It’s been more than a year since Boko Haram brazenly kidnapped more than 200 girls from their boarding school in northern Nigeria. Since then, the same jihadis have massacred 2,000 people in a nearby fishing community on Lake Chad.
In the face of such wanton bloodletting — which occurred near a military base meant to curb radical violence — it stands to reason that many would seek aid from trained medical professionals in coping with or dispelling the resulting emotional damage. However, survivors were quickly and dispiritingly reminded that such assistance is beyond scarce in this corner of the world.
A video report featured this week on the Al Jazeera website showed Nigerians turning to traditional healers and noted that those who opt for remedies rooted in ritual and history do so not simply to preserve a link to their cultural heritage or out of distrust of Western medicine, but because there are few options available.
According to the World Health Organization, 20 million Nigerians currently exhibit symptoms associated with at least one recognized mental illness. Here’s an even grimmer statistic: In the whole country, there are just 130 psychiatrists available to treat them. A “brain drain” has led medical specialists to establish themselves in other countries, mainly the United States, leaving behind a distressing vacuum of care and expertise.
The W.H.O. estimates that Nigeria devotes only about 3 percent of its healthcare budget to mental health. The impact of such policy can be readily seen in the dearth of licensed practitioners. In 2011, the W.H.O. reported that for every 10 million Nigerians, there were six psychiatrists, 19 nurses trained in mental-health work and two psychologists or social workers. Perhaps even worse, only 44 outpatient facilities and eight mental hospitals were tasked with serving a population of 174 million people.
There is hope, however, such as it is. The long-neglected plight of the non-radicalized members of this society is finally getting attention from on high. Al Jazeera reports in the aforementioned video that the governments of Ghana, Kenya, Nigeria and South Africa are pooling their resources to launch a pilot program that would blend Western-sanctioned and traditional African treatments.
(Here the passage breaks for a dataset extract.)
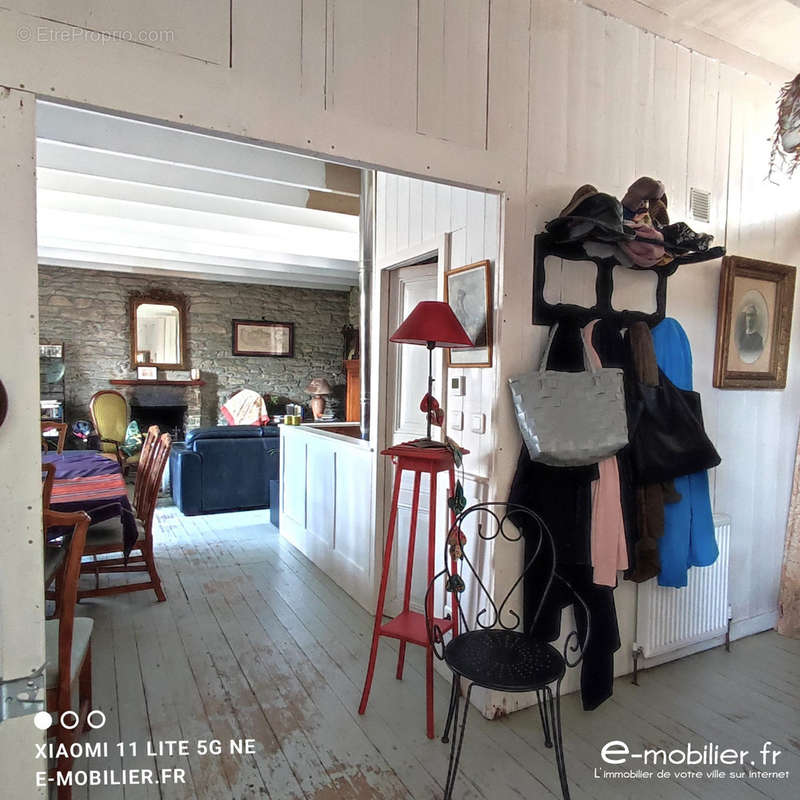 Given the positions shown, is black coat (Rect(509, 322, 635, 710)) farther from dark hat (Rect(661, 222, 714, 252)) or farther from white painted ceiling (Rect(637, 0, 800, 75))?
white painted ceiling (Rect(637, 0, 800, 75))

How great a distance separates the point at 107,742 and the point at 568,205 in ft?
8.70

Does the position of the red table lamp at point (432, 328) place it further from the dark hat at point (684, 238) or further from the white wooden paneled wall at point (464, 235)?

It is likely that the Nigerian government has taken steps to expand coverage not because it fears that traditional healers will do harm — practitioners are highly regarded in the country, after all — but because there looms a crisis that the government knows it cannot afford to ignore: the fragile mental health of Boko Haram’s survivors.
A raid by Nigerian forces on the terrorists’ stronghold in the dense Sambisa Forest resulted in the rescue of hundreds of women and children. But while they summarily received medical care for their physical injuries, their emotional trauma went largely untreated. The result: unresolved depression and anxiety, disorders typically found among victims of physical, verbal and, in this case, explicitly sexual abuse.
In another Al Jazeera article, a Nigerian woman who was held captive for 11 months with her six small children said that she tries every day to move on with her life but that “the memories are rooted deep in her mind.” Other former captives echoed that sentiment. One recalled witnessing the murder of her husband and eldest son before the militants forced her and her remaining children into the woods.
The Wall Street Journal found nine psychiatrists attached to the Federal Neuropsychiatric Hospital in Maiduguri, Nigeria, whose caseload had doubled as a result of Boko Haram atrocities, leaving them to struggle under a staggering backlog of 52,000 cases.
The doctors each said that he or she was too loaded down to spare more than a few minutes to each patient. In the end, they often found themselves issuing prescriptions for antidepressants that they knew some patients might not even be able to afford.
Nigeria is still working out the details of its initiative to blend traditional healing techniques with its scarce mental-health resources. Unfortunately, even if the program as envisioned is actually ever launched, for many a victim of Boko Haram’s excesses, it will have come too late. And those citizens could be forgiven for holding their government — whether because of a lack of resources or a lack of political will — complicit in extending their psychological pain.